Ho deciso di dedicare al ricordo di mia madre la mia passione più grande: lo sport. Oggi corro in tutta Italia visitando i reparti e le sezioni AIL, per dire ai pazienti che non devono mai arrendersi, perché non sono mai soli ad affrontare la lotta contro il cancro. 

Mia mamma si è ammalata di leucemia 8 anni fa, ha lottato fino all’ultimo ma ha perso la sua battaglia contro il male. Durante il suo percorso è stata assistita al meglio dai volontari della sezione AIL di Rimini, che hanno portato la luce anche in un percorso così buio.

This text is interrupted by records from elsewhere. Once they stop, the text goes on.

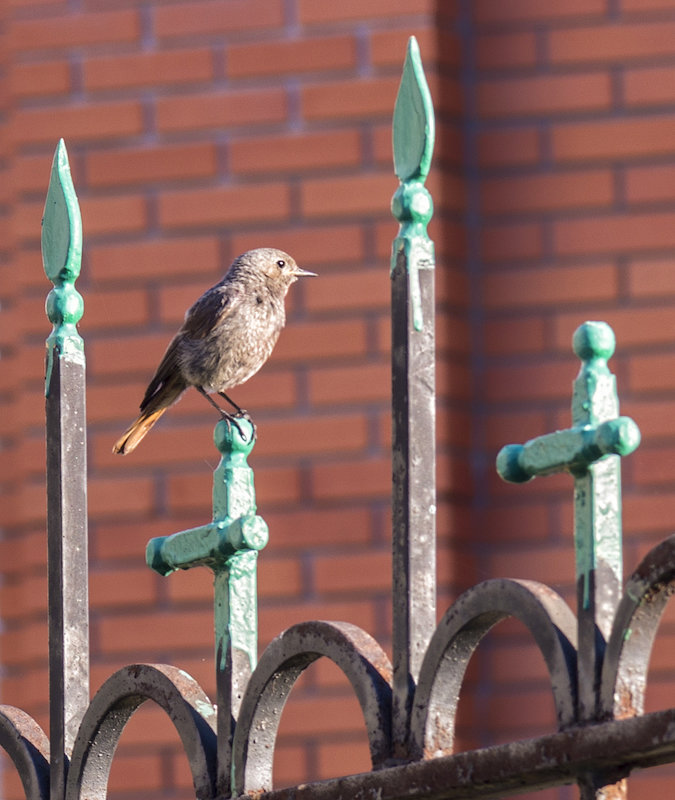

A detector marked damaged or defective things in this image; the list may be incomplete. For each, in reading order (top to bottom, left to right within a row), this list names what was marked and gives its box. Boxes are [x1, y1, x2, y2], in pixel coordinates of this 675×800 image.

rusty metal arch [0, 708, 49, 800]
rusty metal arch [64, 664, 215, 800]
rusty metal arch [232, 620, 394, 792]
rusty metal arch [410, 580, 580, 760]
rusty metal arch [604, 536, 675, 716]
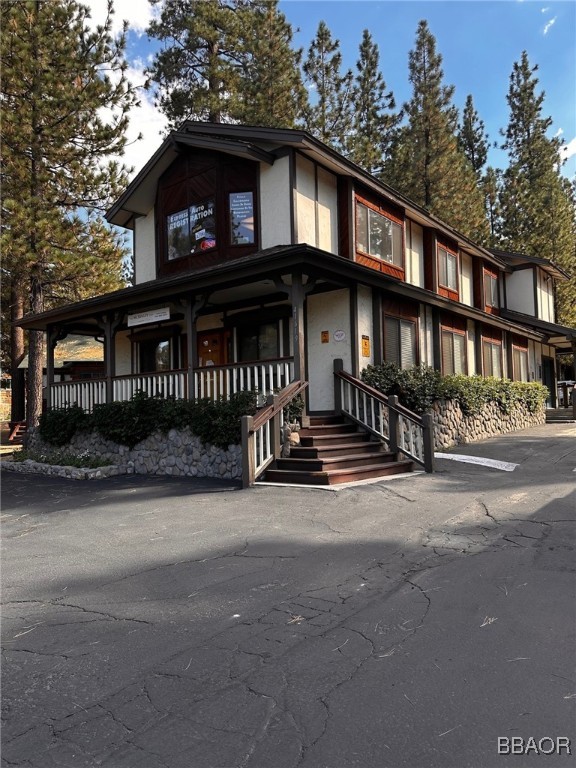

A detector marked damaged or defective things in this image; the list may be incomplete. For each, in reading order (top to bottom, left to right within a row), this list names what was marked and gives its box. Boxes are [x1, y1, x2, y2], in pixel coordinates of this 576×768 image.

cracked pavement [1, 424, 576, 764]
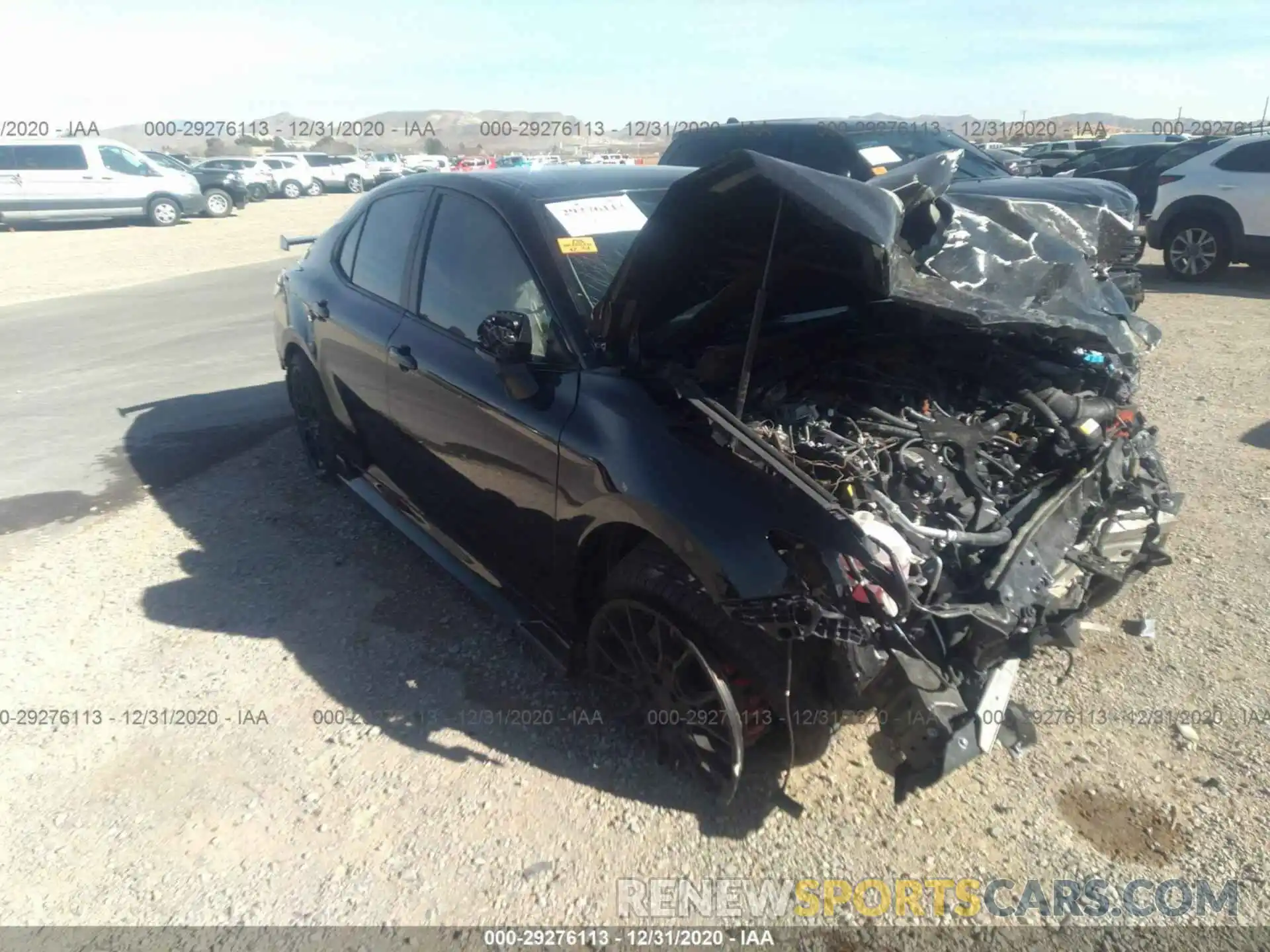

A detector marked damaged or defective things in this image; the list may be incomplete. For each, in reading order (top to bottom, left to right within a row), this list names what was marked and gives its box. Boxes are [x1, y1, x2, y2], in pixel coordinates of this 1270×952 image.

damaged vehicle [275, 154, 1180, 804]
crumpled hood [593, 149, 1159, 365]
damaged front end [595, 149, 1180, 804]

Per questo, dopo la sua scomparsa, io e miei fratelli abbiamo deciso di impegnarci per i pazienti. Loro hanno iniziato subito a donare il sangue, perché mia mamma aveva bisogno di trasfusioni continue per via della malattia. Io ho deciso di dedicare al ricordo di mia madre la mia passione più grande: lo sport.

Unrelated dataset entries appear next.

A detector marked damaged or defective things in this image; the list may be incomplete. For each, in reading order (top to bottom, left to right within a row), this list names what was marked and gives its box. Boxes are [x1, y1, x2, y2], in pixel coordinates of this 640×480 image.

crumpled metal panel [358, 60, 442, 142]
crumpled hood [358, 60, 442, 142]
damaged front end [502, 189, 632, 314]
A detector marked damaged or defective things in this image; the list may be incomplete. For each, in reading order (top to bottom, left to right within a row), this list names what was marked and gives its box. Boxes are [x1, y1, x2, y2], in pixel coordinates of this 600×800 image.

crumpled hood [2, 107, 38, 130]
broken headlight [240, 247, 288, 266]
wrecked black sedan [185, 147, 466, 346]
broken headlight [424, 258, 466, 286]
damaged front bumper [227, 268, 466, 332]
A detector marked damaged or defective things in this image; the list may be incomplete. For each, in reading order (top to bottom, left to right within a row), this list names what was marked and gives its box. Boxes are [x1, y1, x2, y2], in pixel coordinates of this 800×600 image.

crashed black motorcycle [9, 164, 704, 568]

Corro da 35 anni, praticamente da sempre, e sono un ultramaratoneta, percorro cioè delle distanze di 200 km. Così nel 2014 ho deciso di dar vita al progetto "Correre per sperare": assieme ad altri atleti sono andato correndo da Rimini fino a San Giovanni Rotondo in 6 giorni, facendo tappa nelle sezioni AIL lungo la costa Adriatica e visitando i reparti per portare un messaggio di speranza ai pazienti. I malati sono in gara contro se stessi, esattamente come me, combattono con tutte le loro forze per arrivare al traguardo e vincere la lotta contro il cancro. Per questo ho portato loro un messaggio positivo, il sorriso e l’energia che solo lo sport può dare.

Il viaggio doveva essere solo uno, ma oggi siamo alla quarta edizione di "Correre per Sperare" e per percorrere sempre più chilometri abbiamo deciso di coprire le distanze metà di corsa e metà in bici. Abbiamo visitato numerosi reparti e anche molti ex pazienti hanno aderito all’iniziativa, per dimostrare come lo sport possa portare ad una rinascita dopo la malattia. 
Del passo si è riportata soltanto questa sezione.